2012-01-05 19:02:10 | 図書館・情報学
  来年度「図書・図書館史」を講義することになったので、ちょくちょく関連文献を読んでいる。それに関するノート。

  図書館史では敗戦後に米軍の手によって図書館法が施行されて、近代的(すなわち「民主主義的」)な公共図書館を全国に普及させる基盤が整ったと見る。しかし、無料の原則といったよく強調される点を除けば、日本の戦前と戦後しばらくの公共図書館は目的において共通している。「社会教育」である。

  教科書的な図書館史では、戦前の図書館は「思想善導」に利用された保守的で悪いものであり、戦後の図書館は「見識ある市民の育成」のために奉仕するリベラルで善なるものという図式を使って、両者の間に断絶を見る。しかし、公共図書館を教育機関として捉えている点では戦前も戦後も同じである。皇国のために奉仕する国民を造り上げることと、民主主義体制を維持するために「市民」を形成することは、公共図書館のもたらす便益が利用者の教化を通じて最終的には共同体に回収されるという点において、相似した構造を持っている。

  断っておかなければならないが、こうした構造が悪だと非難したいわけではない。むしろ、公共事業としては正当な考え方であると言いたい。図書館利用の便益が個々の利用者に私的な利益に留まるならば、税金を使う事業としては肯定できない。もしそうならば、利用につきの課金を正当化するだろうし、そもそも民間に任せればいいということになる。個々の利用者が利用の便益の多くを受けるとしても、その効果は共同体の成員に薄いながらもトリクルダウンをもたらす、という論理があって、なんとか図書館サービスは公的支援に値する事業となるだろう。

  付け加えておくと、この論理において、便益を受ける共同体のレベルは善悪と無関係である。日本では、共同体が地方自治体レベルだと善、国レベルだと悪という図式にはまってしまう。しかし米国では、普遍的権利に敏感なリベラルな図書館員と旧弊で保守的な地域共同体という対立になってしまい、日本とは逆転する。ここから、戦前と戦後の図書館評価の差異は、図書館が社会教育として盛り込む内容の問題であって、公共図書館サービスの構造的問題とは異なるものであることがわかる。

  で、やっと本題なのだが、20世紀の図書館史において画期となるのは、やはり「公共図書館を知的自由と結びつける」ということをやってのけたことにあるだろう。これが画期だというのは、「社会教育」という目的と衝突するものだからである。理論上、知的自由という立場からは資料選択は相対主義的にならざるをえない。これ以前の図書館員ならば、資料選択においては教育的効果に関する専門家であることを主張できた。しかし、以降の図書館員は資料の価値判断を放棄しなければならず、専門家ではありえない。教育的役割を捨ててしまったので、かわって情報探索や検索の技能が図書館員の専門性の根拠となった。

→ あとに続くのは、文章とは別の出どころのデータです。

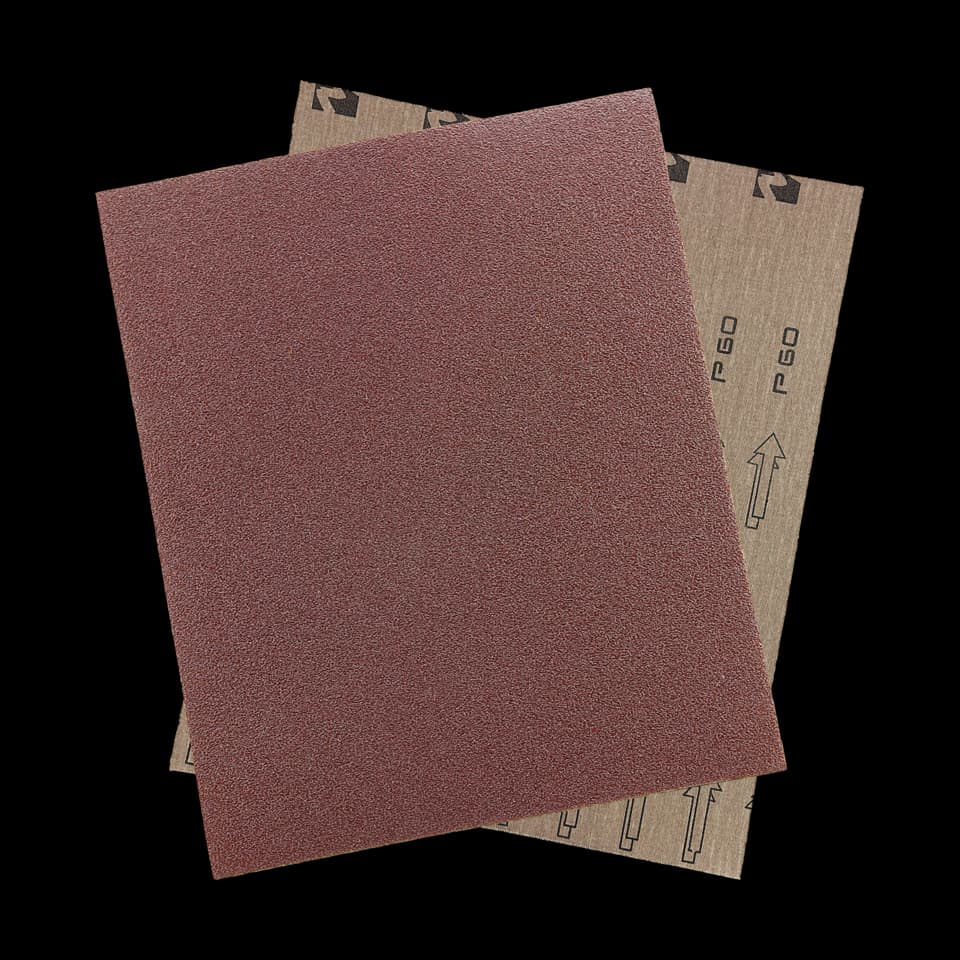 COLI ABRAZIVE PACHET, 23X28CM, 040K, Morris, 23x28cm, 280K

  この目的は図書館関係者の間で主張され、実際の公共図書館に運営に影響している──どの程度本気に取り組んでいるかは別として、だが。例えば、別のエントリで述べたように『市民の図書館』の記述に流れ込んでいる。また、図書館の資料選択を擁護する近年の議論は、資料の価値の高さからその選択を肯定するのではなく、「図書館の自由」を用いて肯定するのである。

  言論の自由を守るというのは、少なくとも日本では選挙を経た政治家たちが課した公共図書館の目的ではない。それは法律で定められているわけではない。日本図書館協会という団体が勝手に主張していることである。米国の事情は詳しく知らないものの、その起源は全米図書館協会にあり、政治家を通じた草の根の民主的要求として実現されたものではないようである。すなわち、運動家の考える"私的な"「図書館の目的」であって、公的な「図書館の目的」ではないのである。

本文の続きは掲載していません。